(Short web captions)
^^^^^^^^

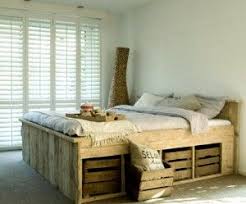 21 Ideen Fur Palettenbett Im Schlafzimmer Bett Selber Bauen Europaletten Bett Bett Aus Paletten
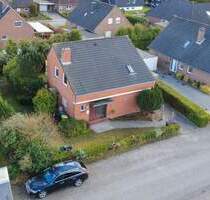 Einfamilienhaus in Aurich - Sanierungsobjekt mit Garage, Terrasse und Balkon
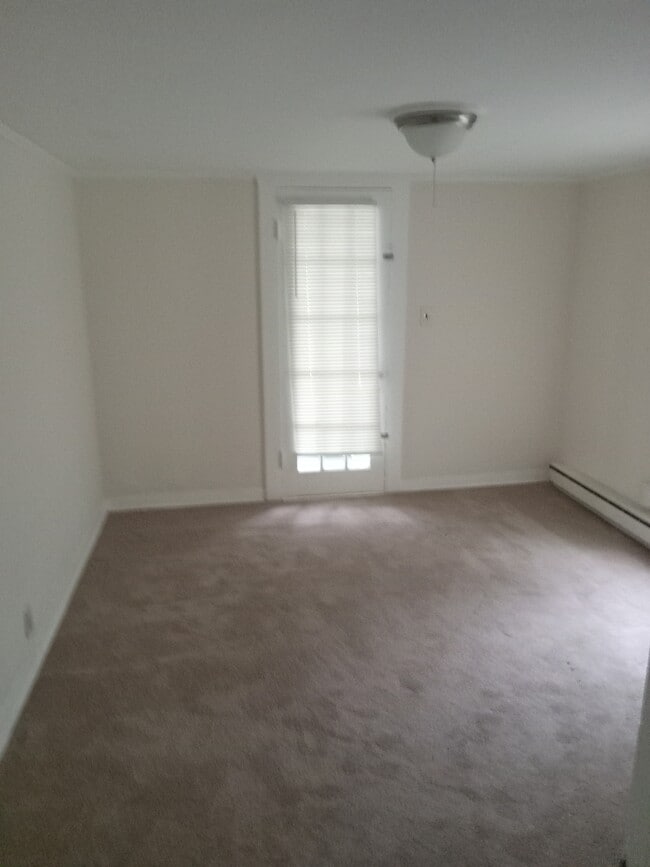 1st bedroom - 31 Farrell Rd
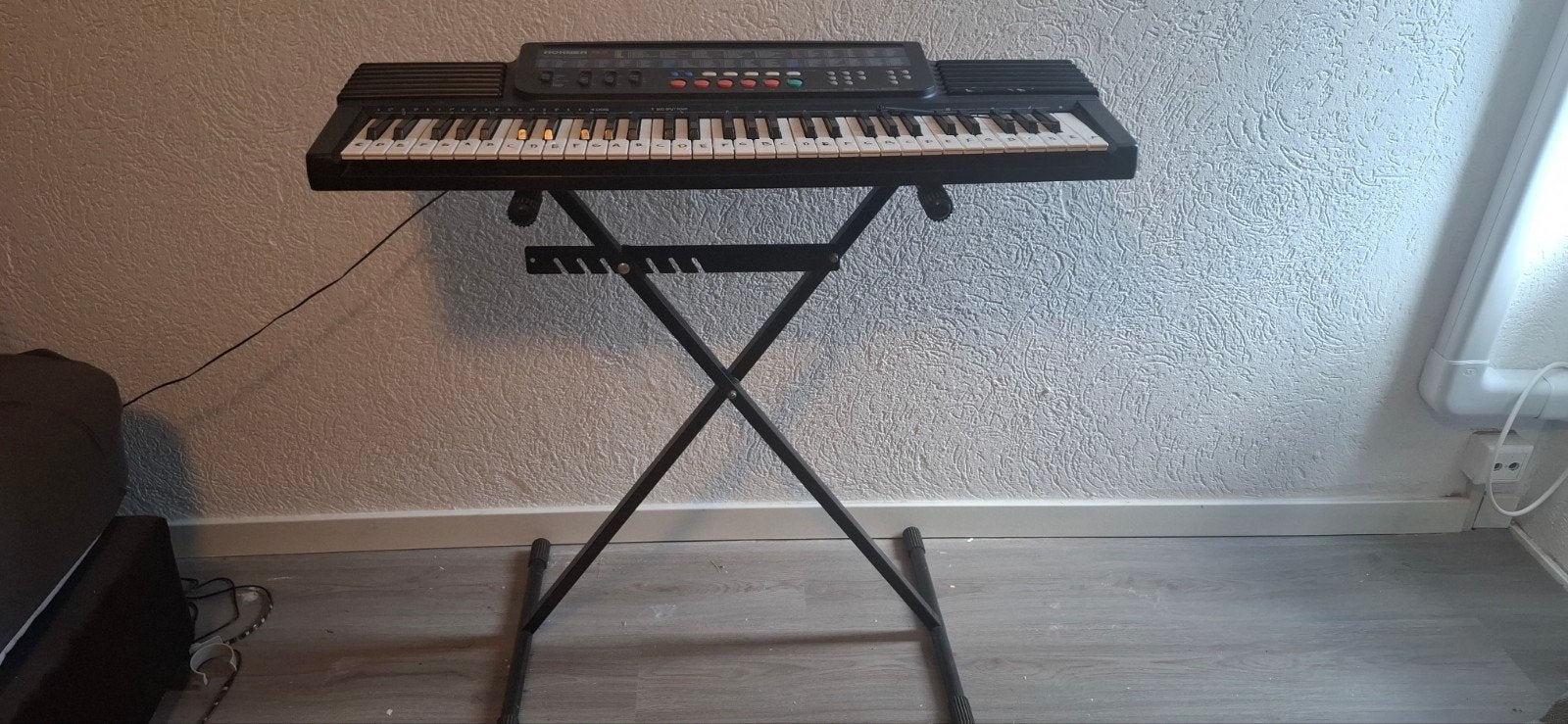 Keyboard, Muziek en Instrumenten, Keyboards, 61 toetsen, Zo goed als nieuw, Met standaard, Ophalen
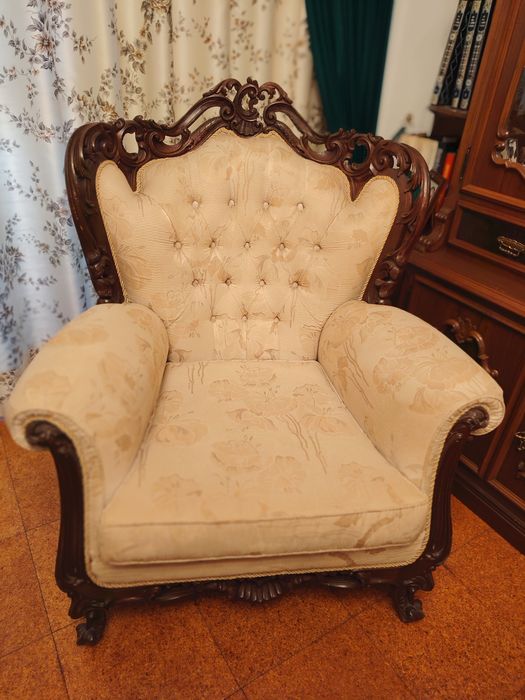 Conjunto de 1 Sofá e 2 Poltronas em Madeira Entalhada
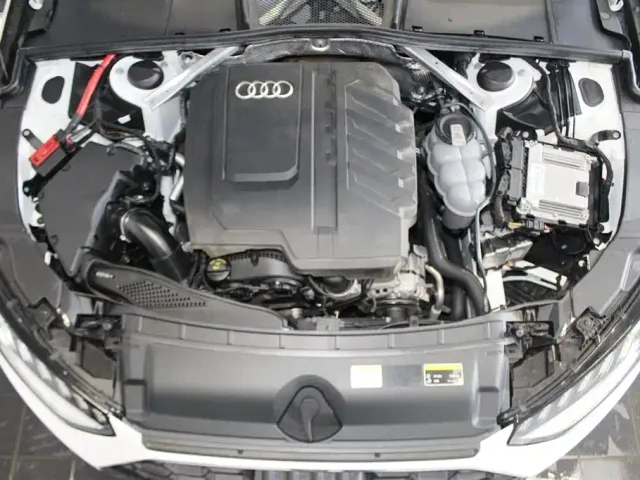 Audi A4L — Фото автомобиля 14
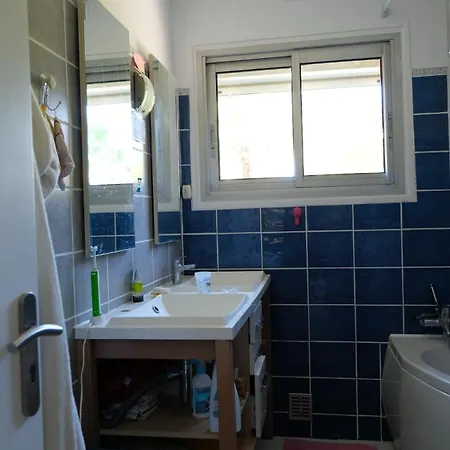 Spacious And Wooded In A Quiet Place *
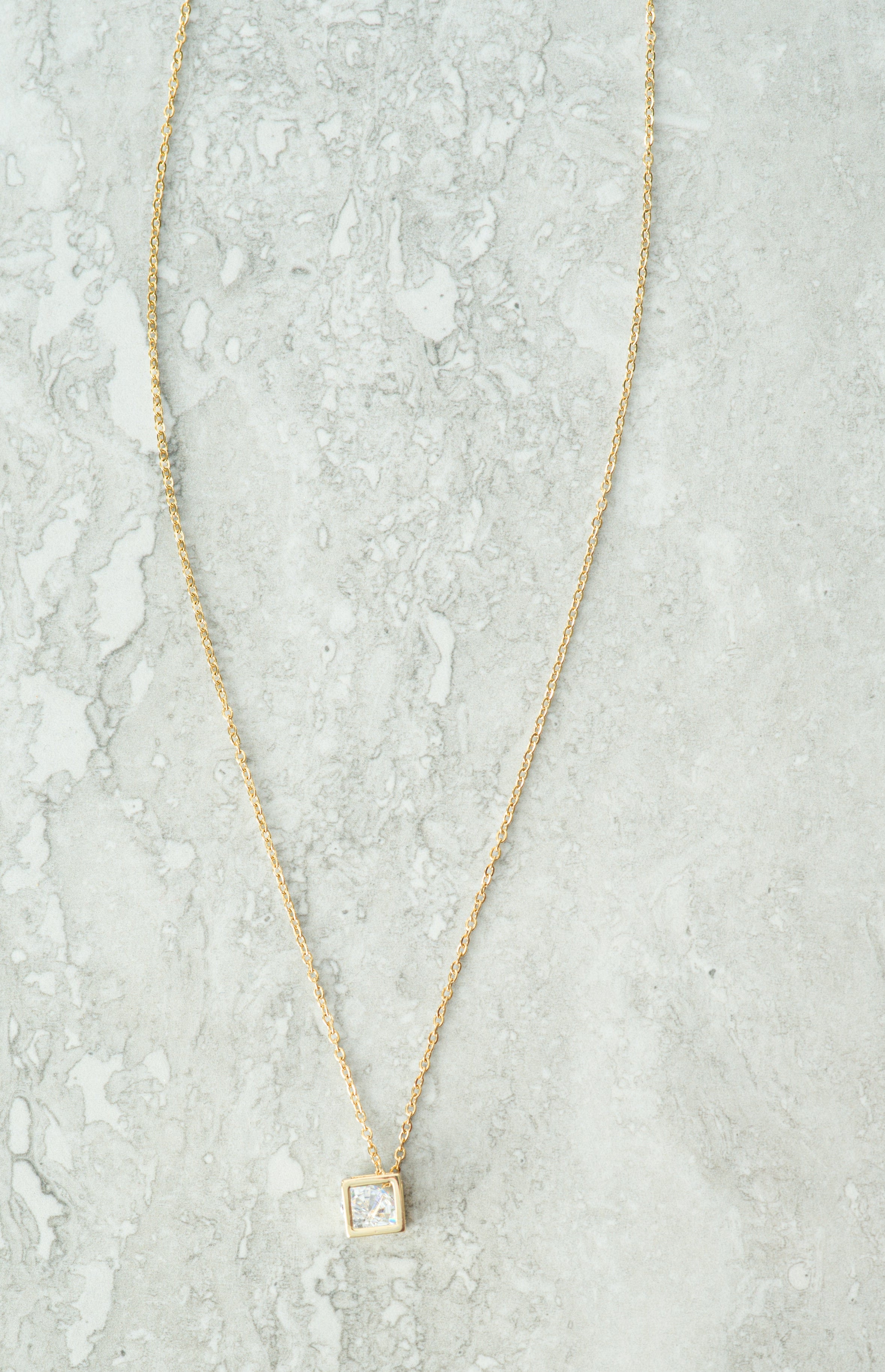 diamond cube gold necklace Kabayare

^^^^^^^^

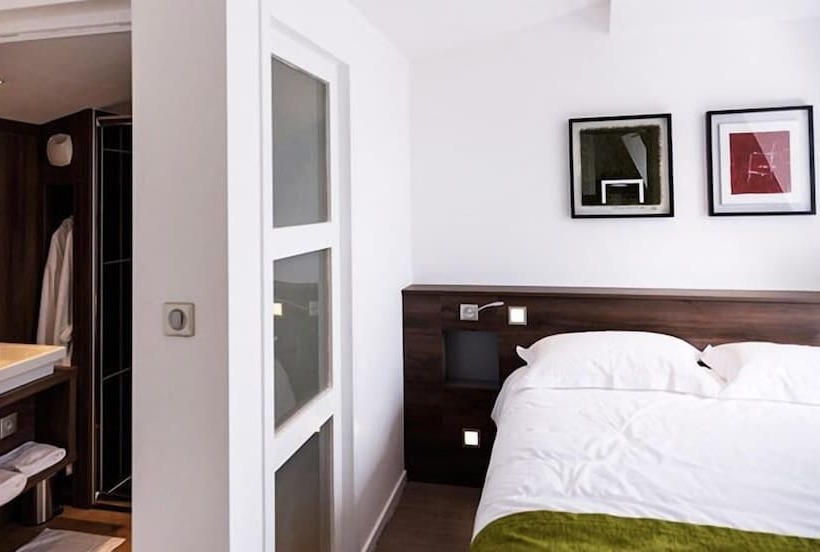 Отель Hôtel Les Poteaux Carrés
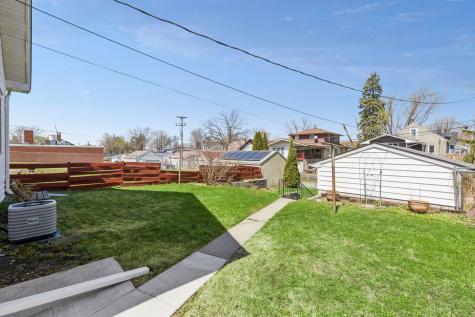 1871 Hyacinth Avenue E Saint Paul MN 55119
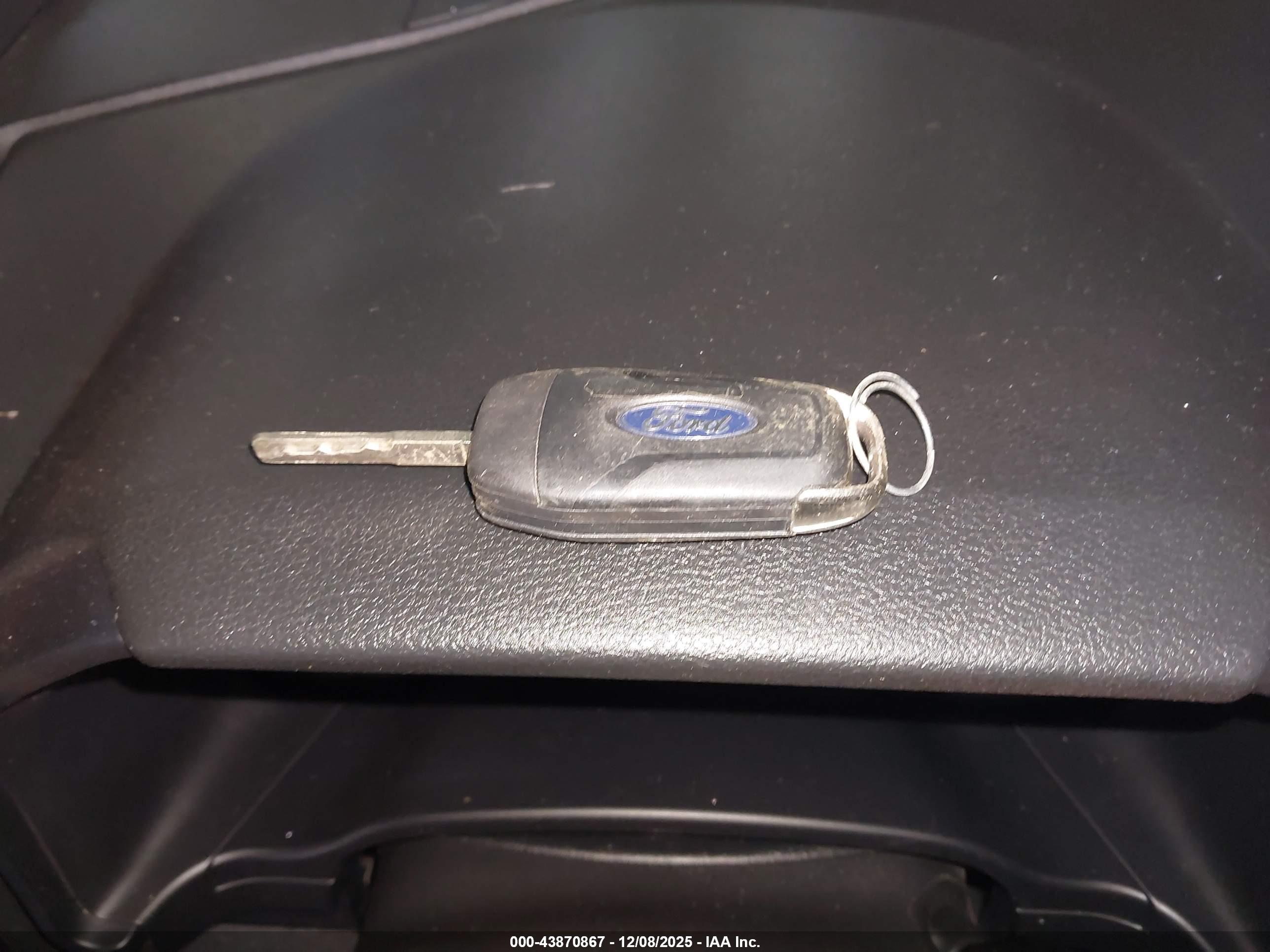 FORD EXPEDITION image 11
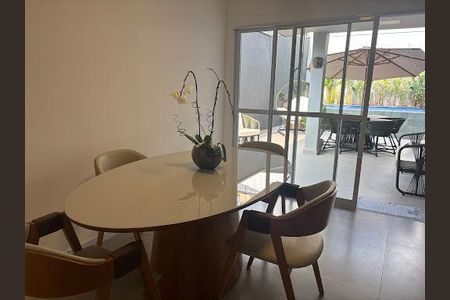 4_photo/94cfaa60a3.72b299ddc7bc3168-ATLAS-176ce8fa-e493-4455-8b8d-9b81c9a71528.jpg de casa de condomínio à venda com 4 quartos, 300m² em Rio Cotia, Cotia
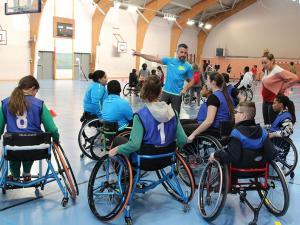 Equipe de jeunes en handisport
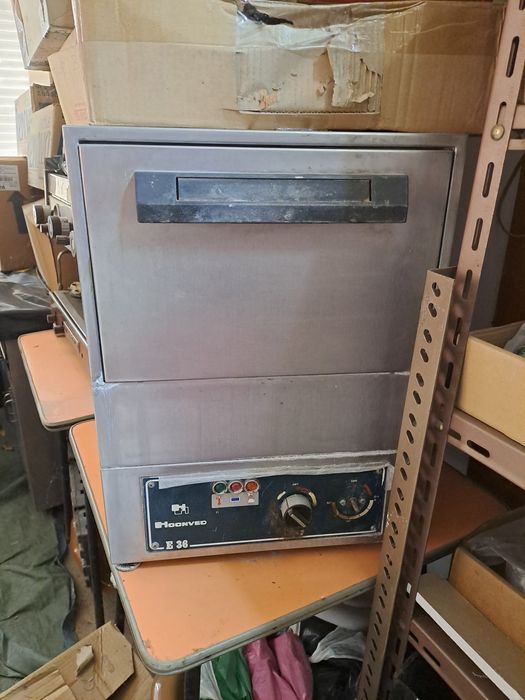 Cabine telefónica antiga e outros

^^^^^^^^

--- REQUIRED WORK ---
Extract the part of the records that opens with the line containing "1871 Hyacinth Avenue E Saint Paul MN 55119" and closes with the line containing "Cabine telefónica antiga e outros". Take only those lines, exactly, and no pictures.

--- RESPONSE AREA ---
 1871 Hyacinth Avenue E Saint Paul MN 55119
 FORD EXPEDITION image 11
 4_photo/94cfaa60a3.72b299ddc7bc3168-ATLAS-176ce8fa-e493-4455-8b8d-9b81c9a71528.jpg de casa de condomínio à venda com 4 quartos, 300m² em Rio Cotia, Cotia
 Equipe de jeunes en handisport
 Cabine telefónica antiga e outros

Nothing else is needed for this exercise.